How else to approach the problem? When we manually inspected the booklets that were randomly chosen, we noticed some of them overlapped with each other heavily. Sometimes one booklet shared 9 out of 10 recipes with another booklet. With only a precious few booklet versions to print, it seems wasteful and redundant to choose two versions of what are essentially the same booklet. We wanted to choose 50 booklets in such a way that each customer’s ideal booklet was “close” to one of the 50, and each of the 50 were sufficiently “far” from each other to avoid redundancy. This led us to try our third method.
Attempt 3: Clustering Booklets
Choosing booklets that are “far” from each other but “near” customers’ ideal books is a lot like maximizing inter-cluster distance but minimizing intra-cluster distance. But to cluster the booklets, we need a way of representing each booklet in euclidean space or, at the very least, calculating pairwise distances between booklets. We hinted at the notion of similarity between booklets earlier: recipe overlap. We can represent each booklet as a 100 dimensional binary vector, where the ith element indicates whether recipe #i is present or absent from that book, like so:
booklet = [0,0,1,0,1,...,0,1]
Since each booklet has ten recipes, each vector sums to 10. Once each booklet is encoded this way, we create a table where each record is a customer’s best book. The resulting table has 100 columns and N rows, where N is the number of customers:
Chart that shows clustering booklets
We can then run a clustering algorithm on this table using a distance metric such as hamming. This should effectively group customers together whose ideal booklets have a lot of overlapping recipes. Each cluster center represents one of our ideal 50 booklets. Since clustering algorithms are designed to keep cluster centers far from each other, we can expect minimal redundancy among the final 50 booklets.

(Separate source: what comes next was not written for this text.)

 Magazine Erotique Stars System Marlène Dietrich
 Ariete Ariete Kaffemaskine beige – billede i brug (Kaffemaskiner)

This is a somewhat unorthodox use of a clustering algorithm, but it makes things a bit easier than traditional clustering for a few reasons.
We know the number of clusters to be 50, since we can only print 50 versions. So the task of choosing an appropriate number of clusters, which is typically artful and inexact, is solved for us.

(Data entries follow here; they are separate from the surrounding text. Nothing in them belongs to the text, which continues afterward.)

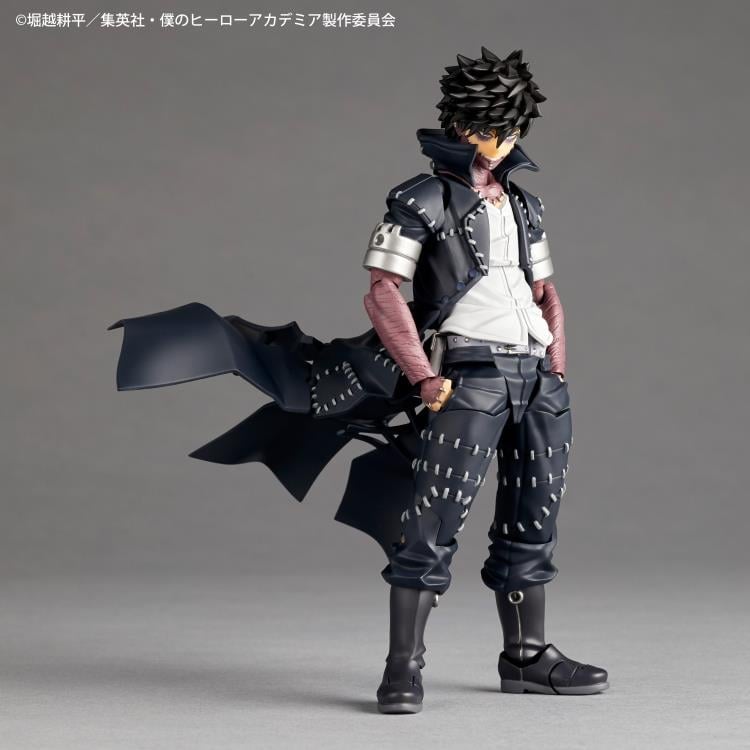 My Hero Academia Amazing Yamaguchi Revoltech NR042 Dabi Action Figure Gallery Image 6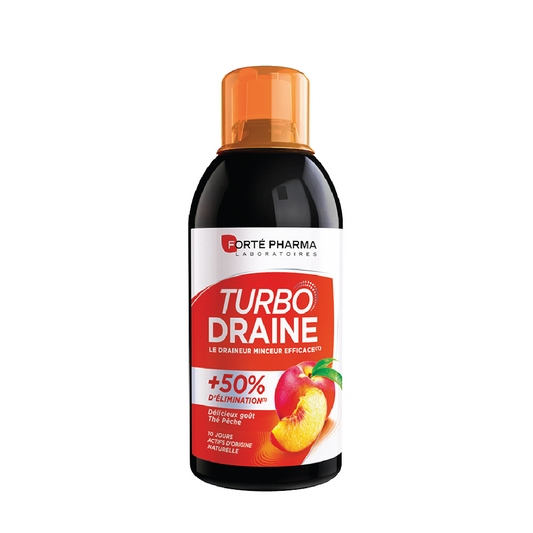 TurboDraine Peach Tea - Medaid International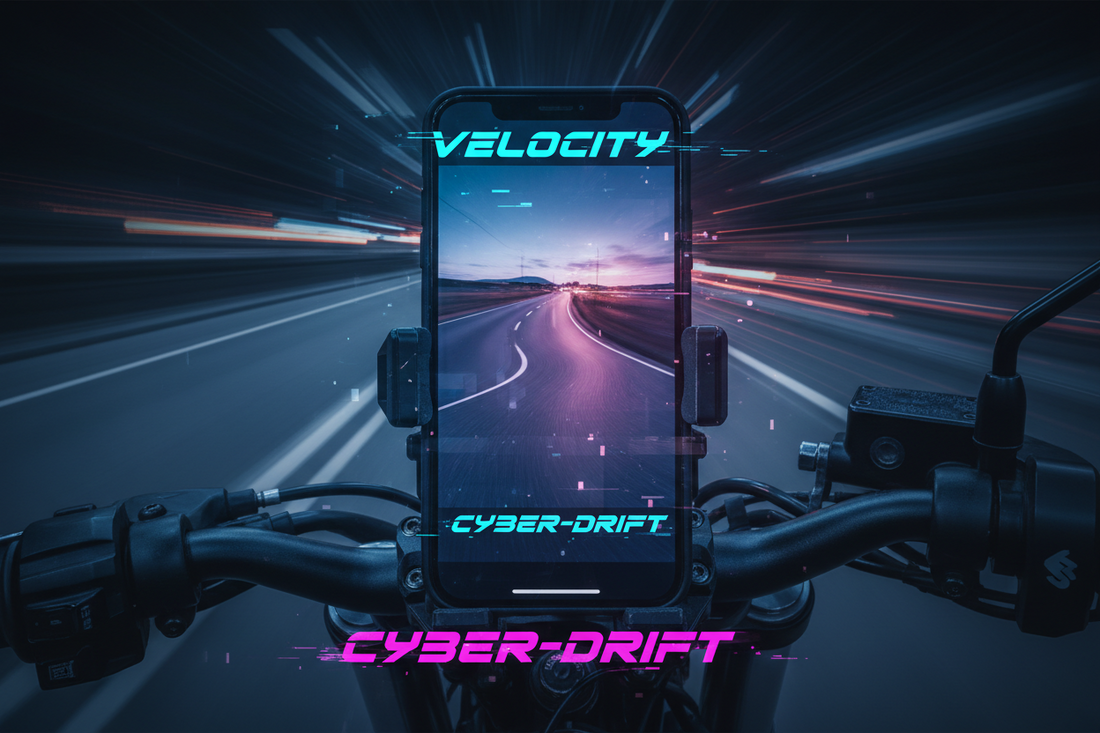 The "Jelly Camera" Curse: Why Your Motorcycle is Quietly Assassinating Your iPhone ( BY AOP3D )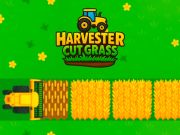 Permainan Harvester memotong rumput talian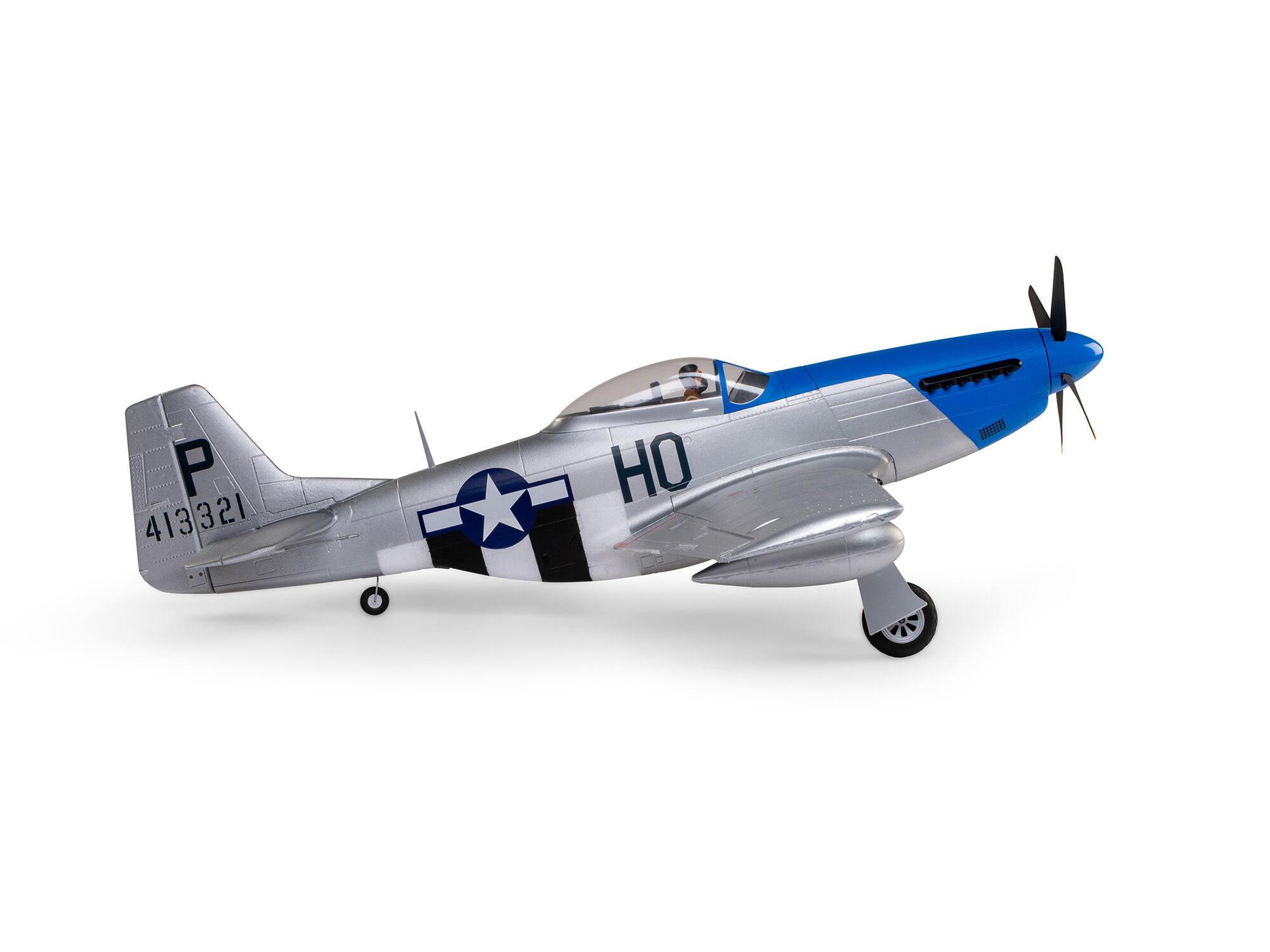 P-51D Mustang 1.2m BNF Basic-4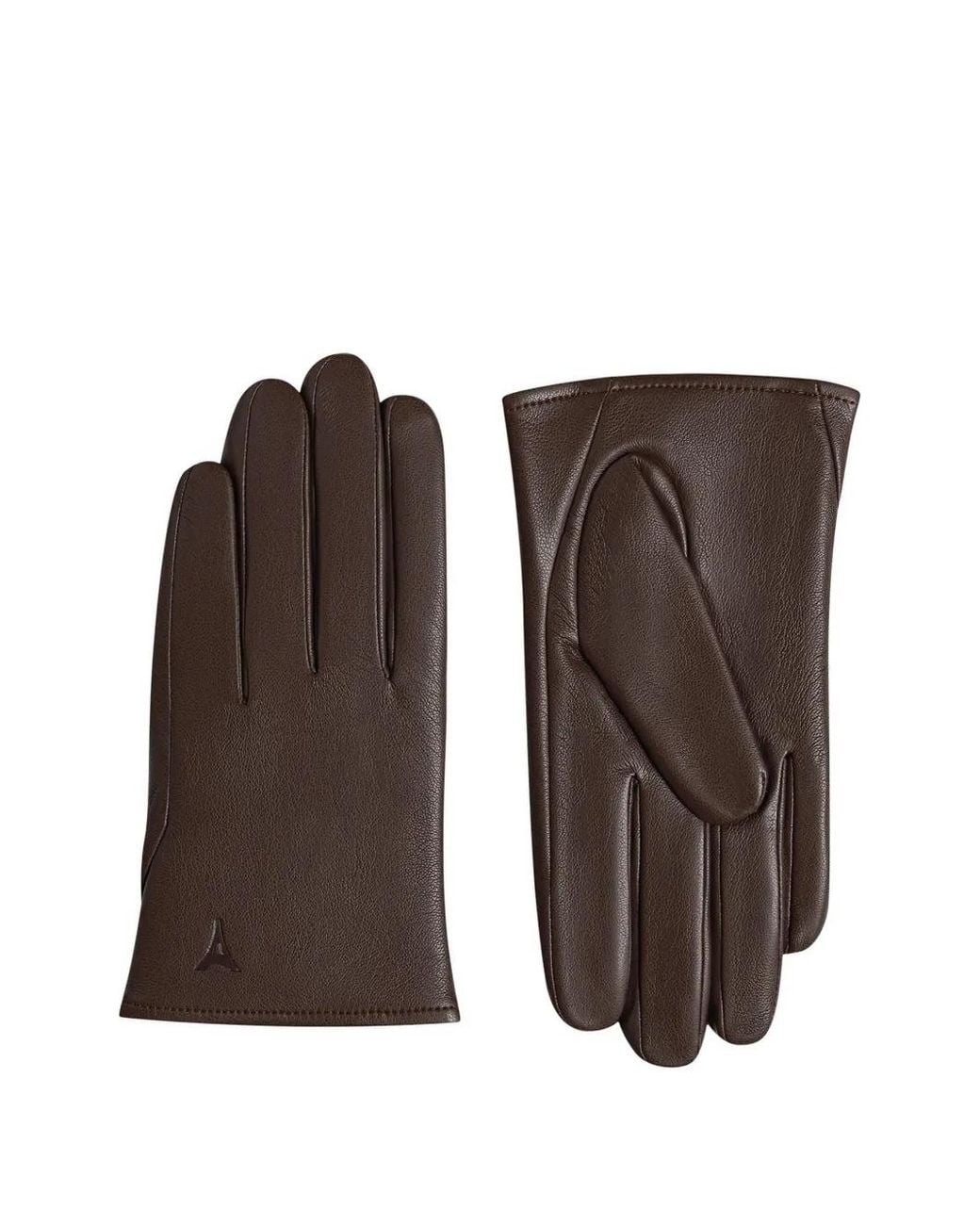 Manière De Voir Brown Azelin Short Gloves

We don’t have to worry about clusters capturing “real” groups. Our problem is to optimize average recipe rank, not segment customers according to some “true” underlying distribution. So we can ignore over- and under-fitting.

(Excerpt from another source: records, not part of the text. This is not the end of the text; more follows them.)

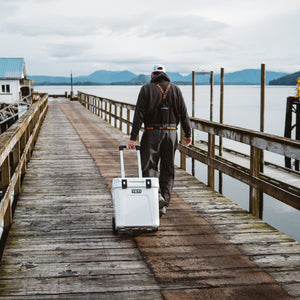 Roadie® 48 Wheeled Cooler Kühlbox mit Rädern (groß)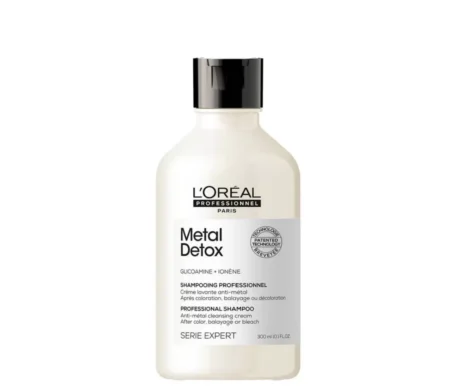 Shampoo Metal Detox Loreal Antimetal 300ml crema limpiadora 459x390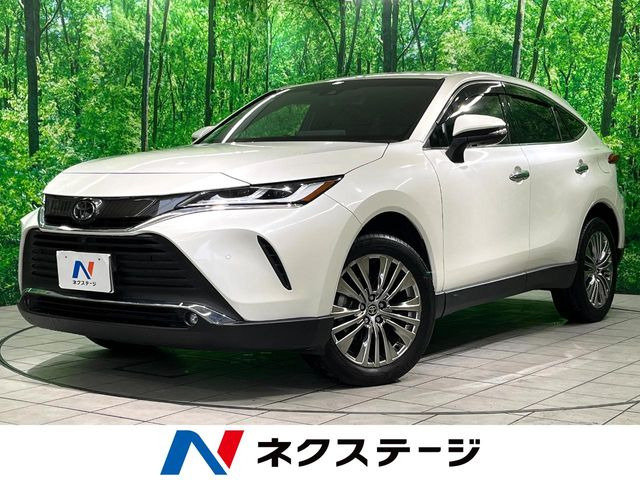トヨタ ハリアー 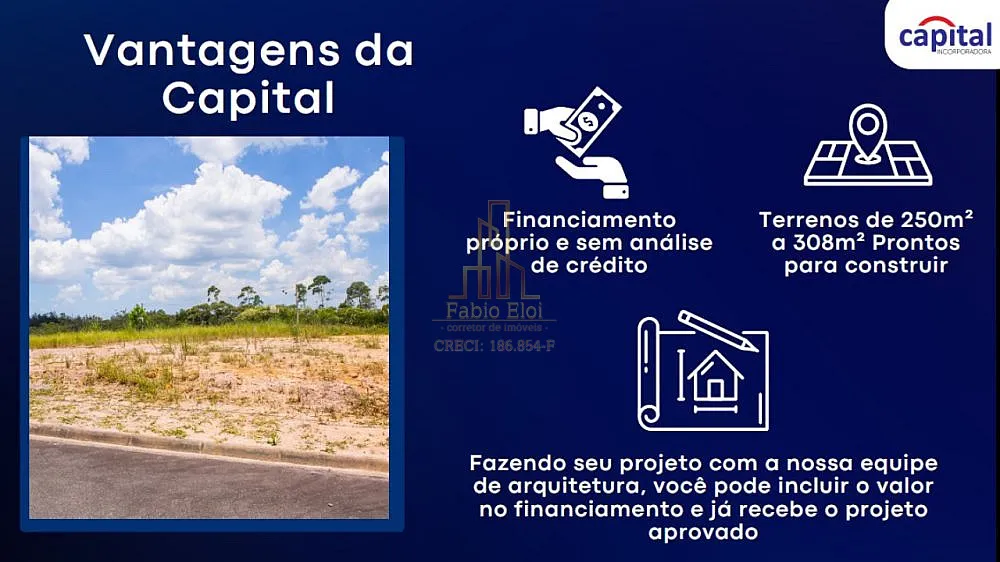 Terreno, 250 m² - Foto 3
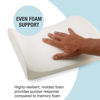 Picture of HealthSmart - Contoured Lumbar Support Cushion
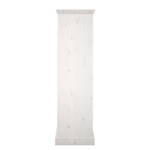 Armoire à vêtements Karlotta (3 portes) Pin / Blanc lavé - Blanc délavé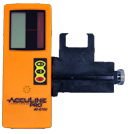 Johnson Laser Detector with one sided clamp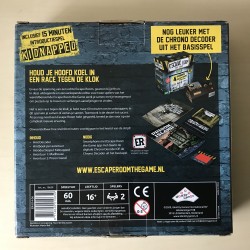 Escape Room. The game. 2 spannende escape rooms
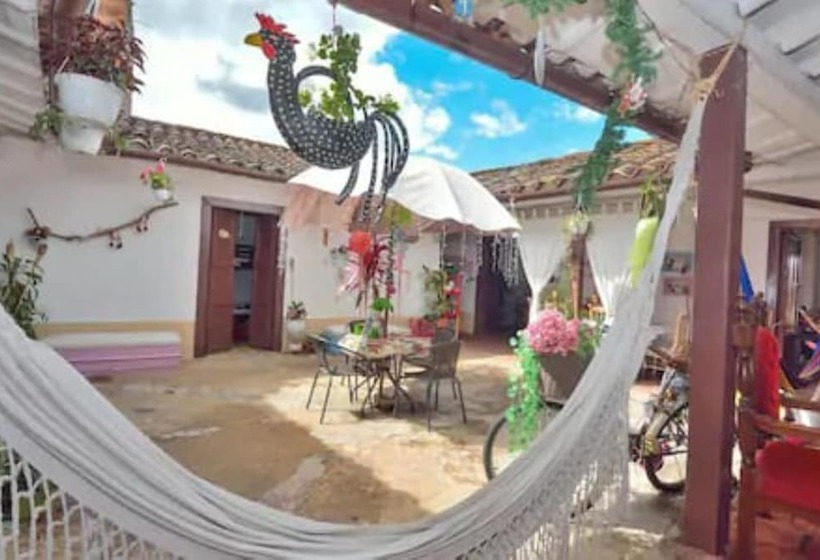 פנסיון Casa Magia By Magally Velasco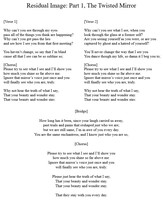 Residual Image: Part 1, The Twisted Mirror (Original)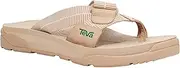 [Teva] Men's Revive 95 Slide Sandal, Sesame, 10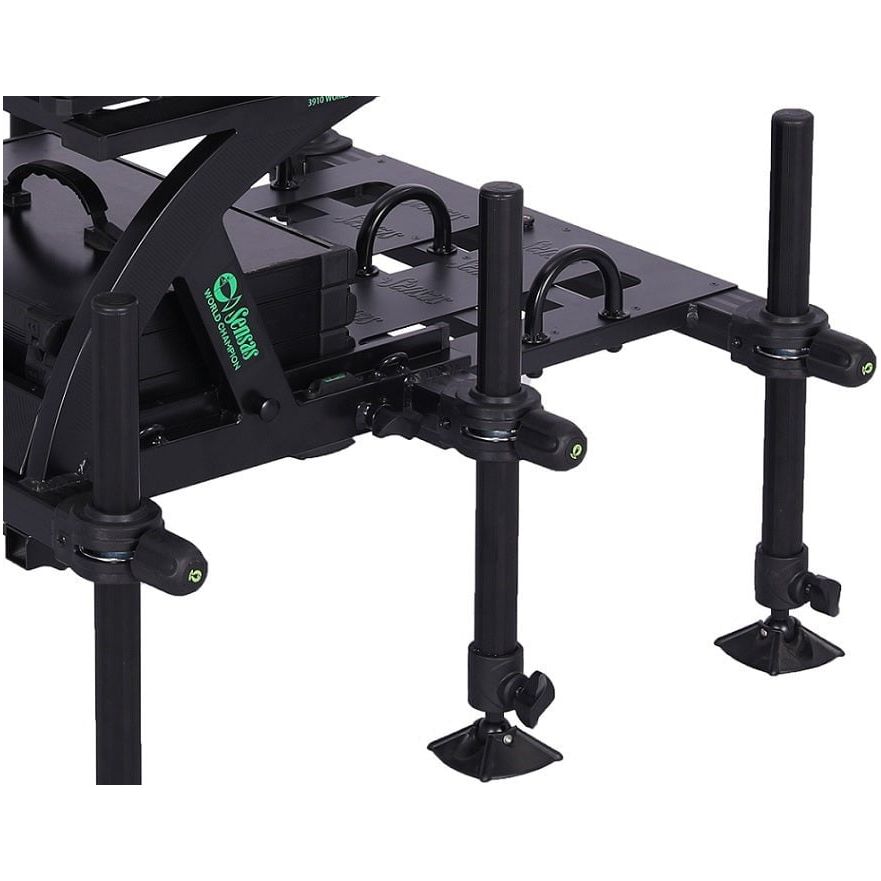Sensas World Champion 3910 Seatbox Black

Similar to #2, we don’t have to worry about the clusters generalizing well to other, unseen recipe booklets not in our training set. This is because we are not building a general model that will be reused on future sets of recipes with unknown ranks. The ranks are known. The recipes simply need to be allocated in a way that maximizes the ranks.
When we tested this approach, we found a significant improvement in average recipe rank and modestly tighter variance in ranks across households – a success in both metrics!
It’s never ideal to suddenly have a constraint you weren’t expecting. However, in this case it forced us to reframe our problem in a few different ways. Ultimately it helped us see clustering algorithms in a new light and use them to solve a problem they were never meant to solve. Strictures, structures, though they bind, strangely liberate the mind.